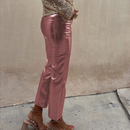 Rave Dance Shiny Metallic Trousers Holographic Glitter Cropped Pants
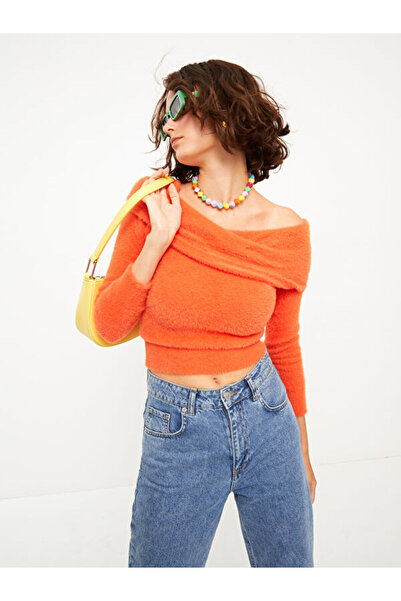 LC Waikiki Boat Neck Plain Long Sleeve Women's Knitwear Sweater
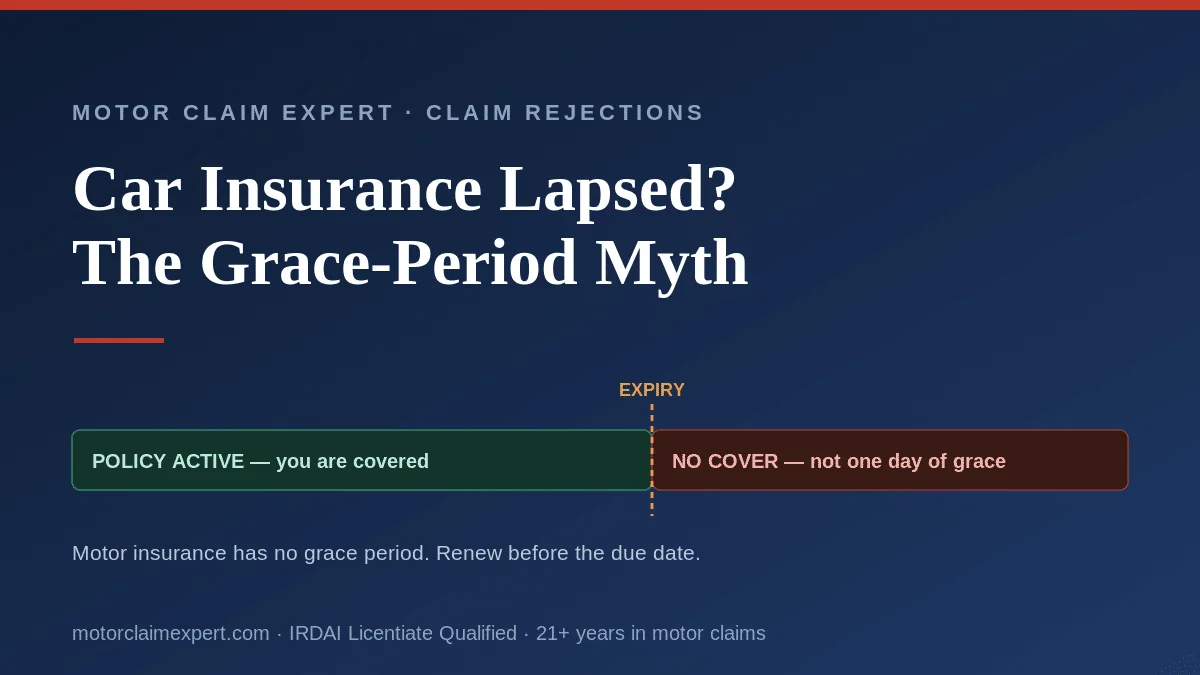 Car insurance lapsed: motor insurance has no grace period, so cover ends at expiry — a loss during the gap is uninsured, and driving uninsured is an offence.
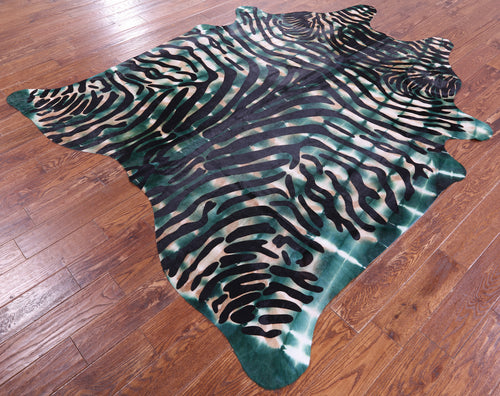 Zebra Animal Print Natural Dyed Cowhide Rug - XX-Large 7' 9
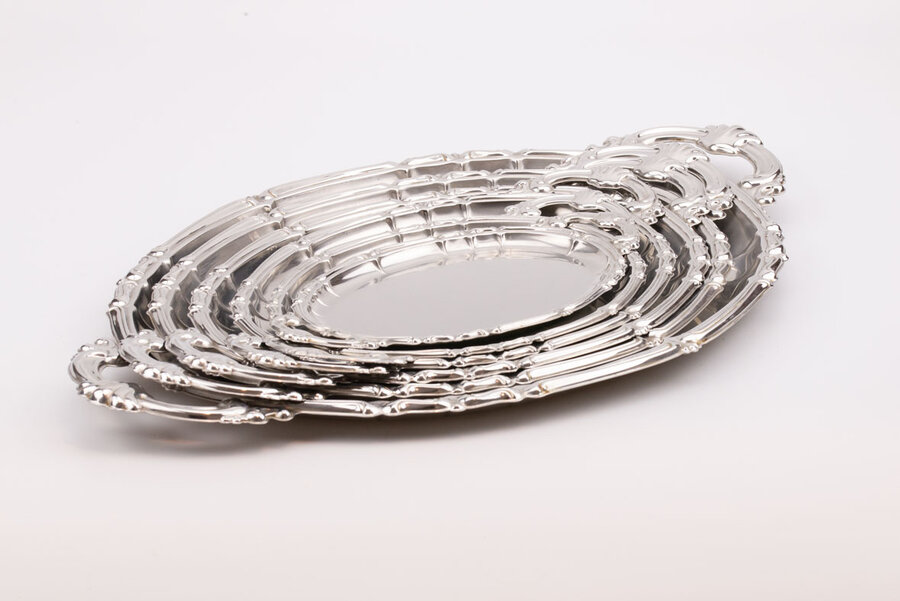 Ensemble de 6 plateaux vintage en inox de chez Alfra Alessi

--

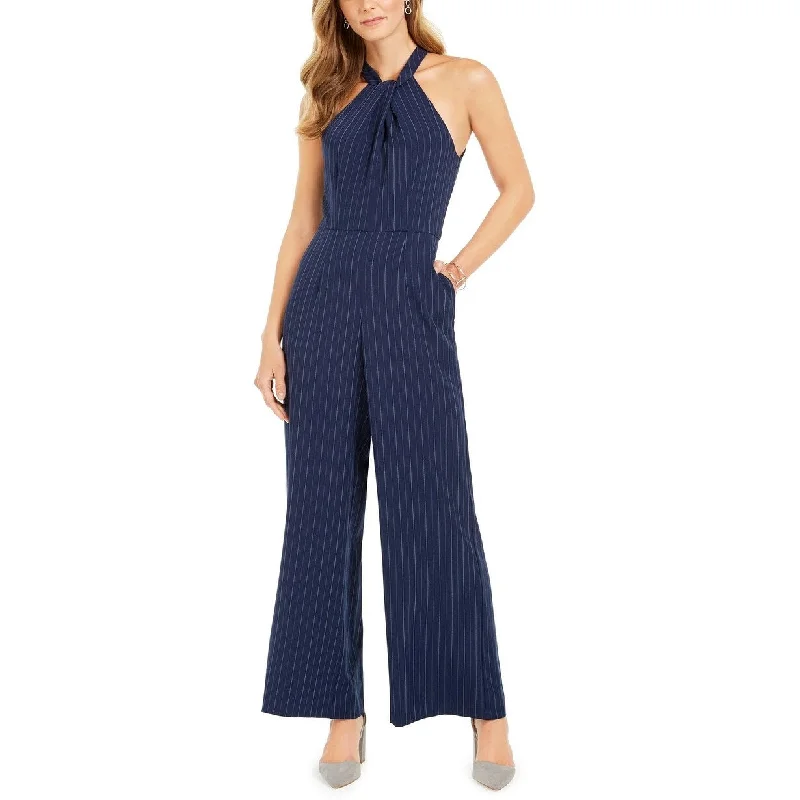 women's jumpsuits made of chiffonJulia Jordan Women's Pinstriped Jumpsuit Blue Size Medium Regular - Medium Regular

* * *

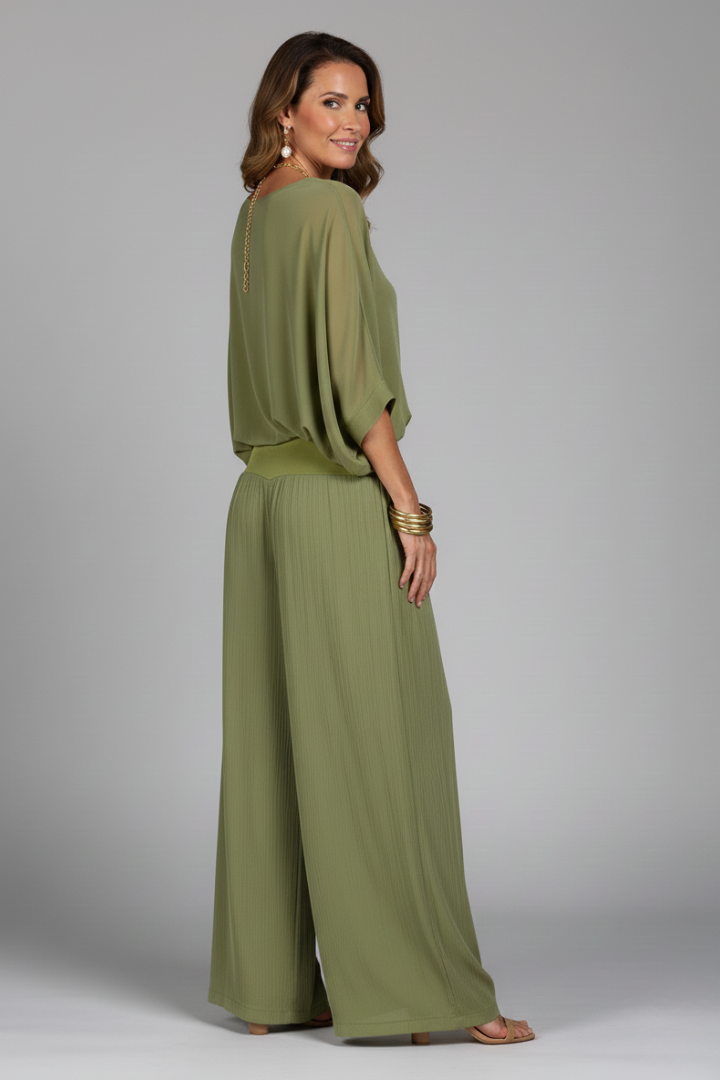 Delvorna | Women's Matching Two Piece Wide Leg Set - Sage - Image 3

## TASK TO CARRY OUT
Out of the records above, return only the lines from the one with "Zebra Animal Print" through the one with "Ensemble de 6", exactly, and none of the pictures.

## TASK RESPONSE
 Zebra Animal Print Natural Dyed Cowhide Rug - XX-Large 7' 9
 Ensemble de 6 plateaux vintage en inox de chez Alfra Alessi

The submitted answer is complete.